HILLSBOROUGH -- One day not long ago Thomas J. Campanella dropped into one of his favorite spots, Cup A Joe on West King Street in downtown Hillsborough.
Cup A Joe is a little coffee shop popular among a lot of relative newcomers to the historic town, many of them the sort whose influx prompted the crunchy Weaver Street Market to open a store in Hillsborough a few years back.
Campanella, a professor of urban planning at UNC-Chapel Hill, paid for his order and walked out onto the sidewalk - where several hunters were carrying the wild turkeys they had just shot into the Carolina Game & Fish shop next door to be weighed.
"I thought: This is what I like so much about Hillsborough," Campanella said. "It's a remarkably diverse little place, with a wonderful balance between being a small Southern town with a unique cultural and historic tradition, and also being a very progressive place that is home to folks from all over the world.
"It's a really remarkable juxtaposition of worlds - and they all get along."
That diversity is reflected in "27 Views of Hillsborough: A Southern Town in Prose & Poetry," the third book from Hillsborough-based Eno Publishers.
The book is a collection of essays, excerpts, short stories and poems by 26 local authors (poet Elon G. Eidenier has two entries).

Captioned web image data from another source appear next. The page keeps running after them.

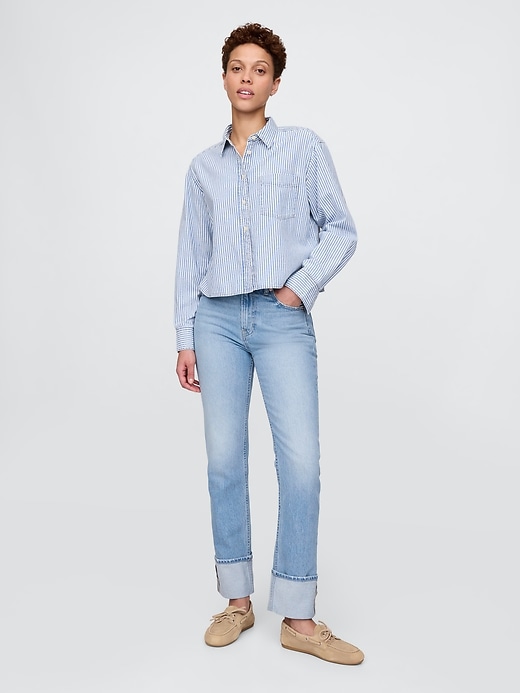 jeans slim dritti a vita alta con risvolto anni 90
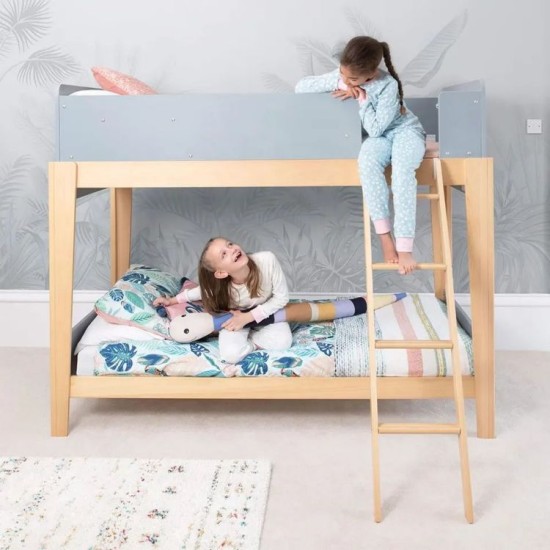 Fantastic Custom Built Small Kids Adjustable Double Loft Natural Solid Wood Bunk Beds With Stairs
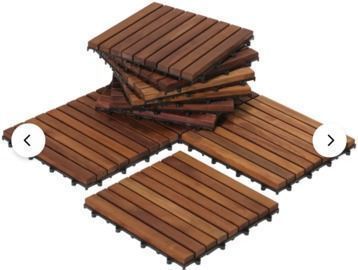 EZ-Floor 12 x 12 Teak Wood Snap-In Deck Tiles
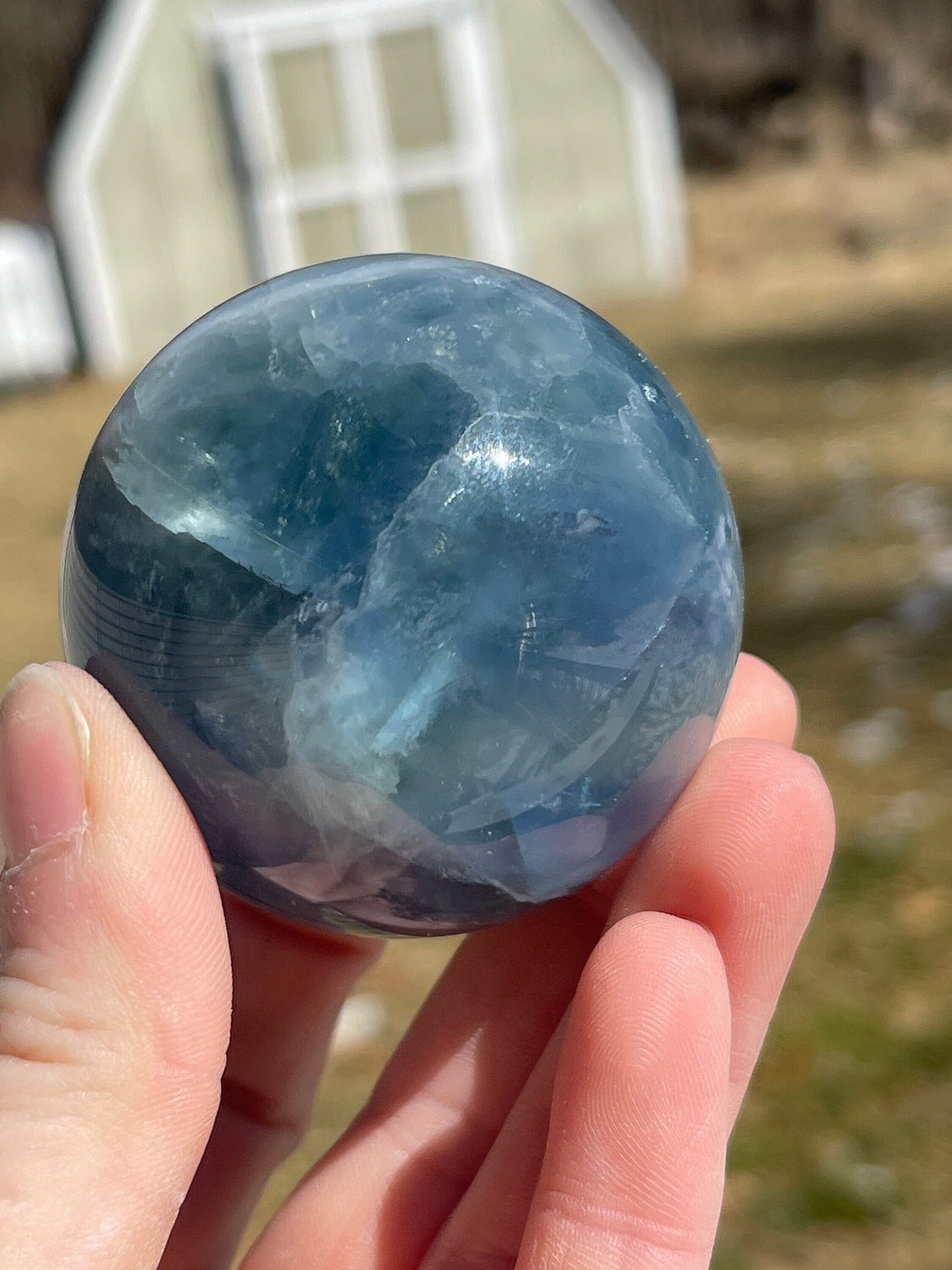 Blue Fluorite Crystal Sphere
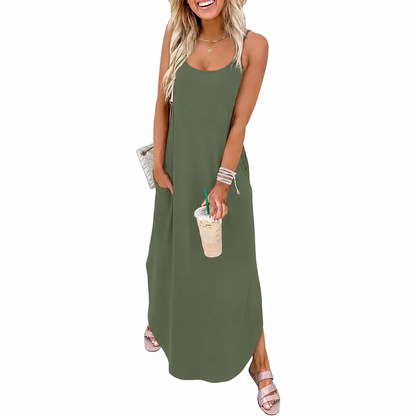 Women’s Casual Maxi Dress – Spaghetti Strap Summer Sundress for Vacation & Beach Days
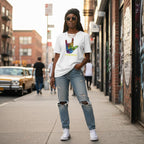 Black woman wearing a white Be Kind autism awareness t-shirt.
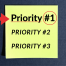 First priority written on a sticky note, indicating knowing God comes first.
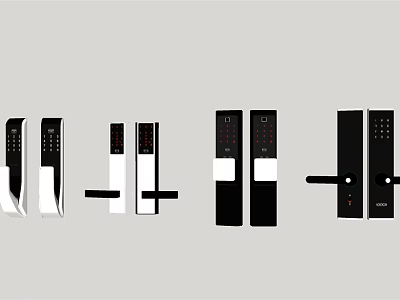 Modern Smart Door Handles With Digital Keypad And Stylish Black White Design 3d model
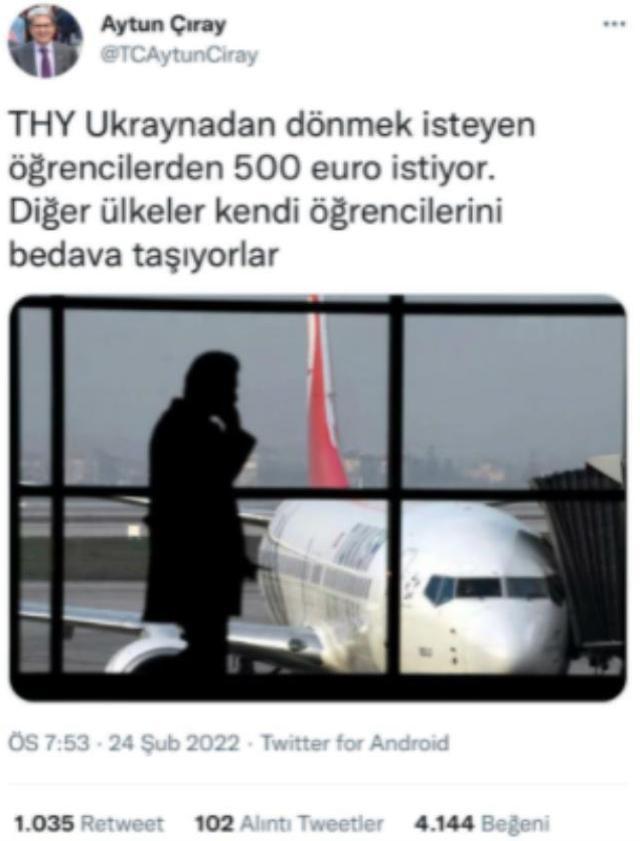 Ukrayna'daki Türk öğrenciler hakkında dikkat çeken iddia: THY, 500 euro talep etti
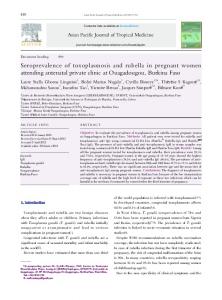 Seroprevalence of toxoplasmosis and rubella in pregnant ... - CORE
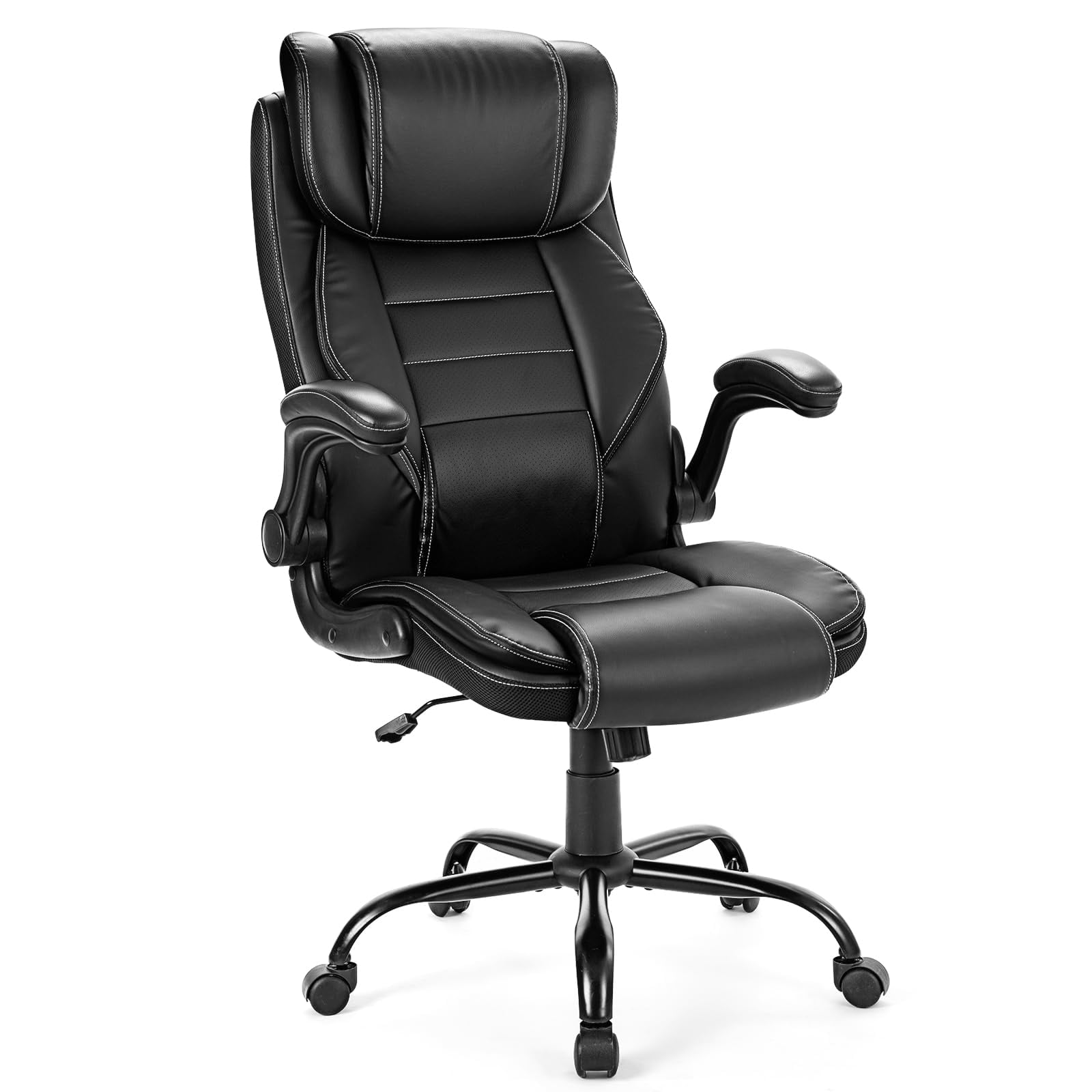 Executive Office Chair, PU Leather Office Desk Chair Design with Dual Spring Cushion, Black Ergonomic Back and Lumbar Support, Adjustable Headrest, Reclining Desk Chair for Home Office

Some of the writers are well-known - Lee Smith is in the book, and so are Allan Gurganus, Michael Malone, Jill McCorkle and more - and others somewhat less so, such as Aaron Vandemark, the owner and chef at Panciuto restaurant, and musician Katharine Whalen, a former member of Squirrel Nut Zippers.
"It was not a great leap of imagination to think of doing a book like this in this town," said Elizabeth Woodman of Eno Publishers, who conceived of and edited the book. "When you look around Hillsborough you see a wellspring of creativity. We have so many writers here, I was pretty sure we could come up with 27 on a pretty short deadline."
The pieces cover a range of topics, styles and voices but they all touch on the facets of a small town that has managed to preserve its history and evolve.
"I think it's a wonderful collection, one that captures the spirit of the town's amply diverse character and at the same time its shared sense of community," said Malone, who wrote the book's introduction and contributed a short story.
By another name
The book includes historical perspectives such as a tracing of the evolution of the town's name (it has been called, among other things, "Corbinton" and "Childesburg"); fiction and poetry including a new short story by Randall Kenan and a verse by Eidenier on the view from the Saratoga Grill on Churton Street; personal reflections on subjects from deer hunting to historic renovation to the Occoneechee Speedway; essays including one by Campanella comparing Hillsborough to, of all places, Nanjing, China; and works that are difficult to classify, like Vandemark's piece about the bounty of foods he's found strolling around town, such as a fully laden plum tree that grows temptingly close to the sidewalk.
"Elizabeth has made some really audacious choices with this book," said Smith, who contributed an excerpt from her novel "On Agate Hill," which is set in Hillsborough. "This is not one of those fluffy little touristy books where everybody's sitting on the front porch sipping tea. It's a serious look at a town, at the idea of a town, from many very different perspectives.
"It's like a kaleidoscope. It showcases each writer in a different way, and it's wonderful. I'm just knocked out by it."
Woodman said she is delighted with the way the book has turned out, with its lineup of writers and range of pieces. Asked to come up with a favorite or two, though, she recoiled.
"Oh, no, that's impossible!" she said. "That's like being asked to name your favorite child. I love them all."